La principale isola del Dodecaneso è anche la più orientale, tra quelle maggiori, nell'Egeo — situata com'è a meno di venti chilometri dalle coste della Turchia — e mi attende, splendida e rilucente, alla luce di un sole invernale ormai basso.


Sorvolandone il porto non posso non pensare che lì, intorno al III secolo aC, venne eretta la statua del dio Helios. Considerata una delle sette meraviglie del mondo antico, alta più di trenta metri e interamente ricoperta di bronzo, ottocento anni dopo — ai tempi della conquista dell'isola da parte degli Arabi — fu tagliata in un numero imprecisato di blocchi e rivenduta a un commerciante ebreo della Siria orientale che probabilmente ne fuse le piastre metalliche.

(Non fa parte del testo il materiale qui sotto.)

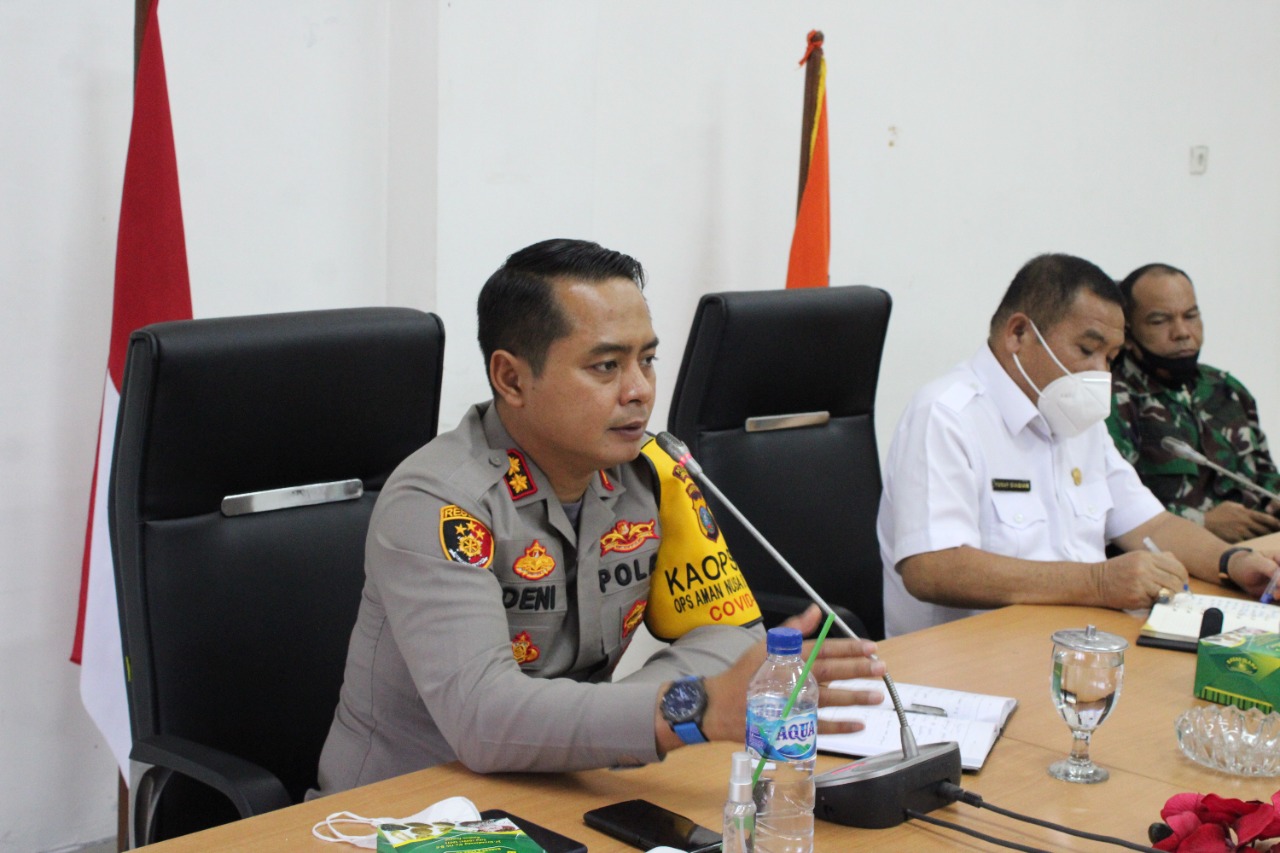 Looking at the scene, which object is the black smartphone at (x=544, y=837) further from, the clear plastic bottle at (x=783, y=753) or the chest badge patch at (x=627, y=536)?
the chest badge patch at (x=627, y=536)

Se il "Colosso" non c'è più, un altro dei simboli dell'isola fortunatamente è ancora visibile: il cervo. Posto, in pietra, sulle colonne all'imboccatura del porto, vari esemplari di questo splendido animale pascolano al di fuori dei centri abitati, liberi e protetti dalla leggenda di essere stati essi a liberare Rodi dai serpenti.
Abitata fin dalla preistoria, da oltre tre millenni clima, estensione e posizione geografica hanno fatto di Rodi un luogo strategico fondamentale dell'intero bacino mediterraneo.

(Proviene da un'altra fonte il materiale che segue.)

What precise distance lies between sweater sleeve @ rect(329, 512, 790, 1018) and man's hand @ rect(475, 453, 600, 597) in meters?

Isola da conquistare col sangue e invadere, ma anche porto sicuro e vitale per ogni commercio, oltreché saporito e sapiente calderone di mille culture. Micenei e Achei, Macedoni e Persiani, Romani e Bizantini, Genovesi, Arabi, Crociati, Ottomani, Ebrei. E agli inizi del XX secolo (guerra italo-turca del 1912) a Rodi venne persino assegnata la sigla "RD" tra le targhe automobilistiche dell'allora Regno d'Italia.
Dal 1948, infine, Rodi appartiene alla Grecia, formando — con le altre isole del Dodecaneso e delle Cicladi — la Periferia dell'Egeo Meridionale, una delle 13 regioni elleniche.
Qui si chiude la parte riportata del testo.